I didn't know how deep in trouble I was until the words spilled out during a debate at a party. Friends from church were discussing the old evangelical emphasis on "relationship, not religion"—disputing its merit—when I suddenly snarled, "Well, I wouldn't still be practicing chastity if it were only because of [expletive] religion." There was a pause, then after one woman laughed, the conversation moved on, leaving me to ruminate on my forceful reaction.

I've never thought of singleness as especially easy or fun, but now that I'm in my middle 30s, it feels harder. Some days I find myself saying to God, "I want to keep obeying you, I want to make it as long as I can, but I don't know what is in me. I don't know how I would handle certain situations."

Childbearing isn't exactly a race, but sometimes it feels like most of my friends have lapped me multiple times, while I'm still at the start line, trying to overcome a stalled go-cart engine. And that's not all. Even if I weren't having babies, I could still be practicing.

A circumstance like mine is not the sort of thing the abstinence campaigns of yesteryear prepare you for, however well-intentioned they were. As one blogger noted earlier this year, efforts like the "True Love Waits" campaign often hinge on promises that may not be fulfilled and implicitly fault the waiting one when delays happen.

Wait in obedience, and God will bring you a husband.

Wait, and the sex will be better because you obeyed.
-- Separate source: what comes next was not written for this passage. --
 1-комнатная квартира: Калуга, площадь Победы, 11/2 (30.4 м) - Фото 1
Wait, and once you're satisfied with God, he'll provide a spouse.

Whether or not any of these represent official slogans is beside the point; these false promises are the upshot of countless good-hearted assurances offered to single teens and adults by friends and mentors alike. And they all tend to treat the wait as a sort of spiritual penance that one barters to God in exchange for a desired outcome.
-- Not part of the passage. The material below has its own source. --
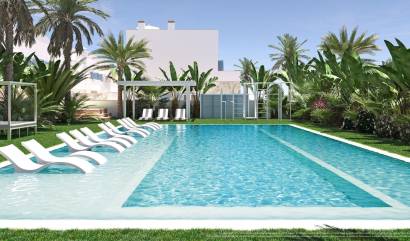 New Build - Villa - Pilar de la Horadada - Torre de la Horadada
In none of those promises does waiting have any value or purpose in its own right. Nor does waiting bear much resemblance to the patience required in other areas of life. When the single season drags on, it's easy to start thinking that you're enduring a unique kind of suffering. Yet, as I've seen friends struggling to wait for a more satisfying job, a child, or a book deal, I've been reminded how many of us have to wait for one thing or another.

But do we say as easily, If you wait obediently, God will bring you a good job, a child, an agent? Or, Wait and the job/child/agent will be better because you waited? Wait, and once you're satisfied with God, he'll provide a good job, a child, an agent? No, no, and no. So what's going on? Why does sexual patience so easily slip into the territory of religion, whereby waiting becomes a means of manipulating and using God to get what we want?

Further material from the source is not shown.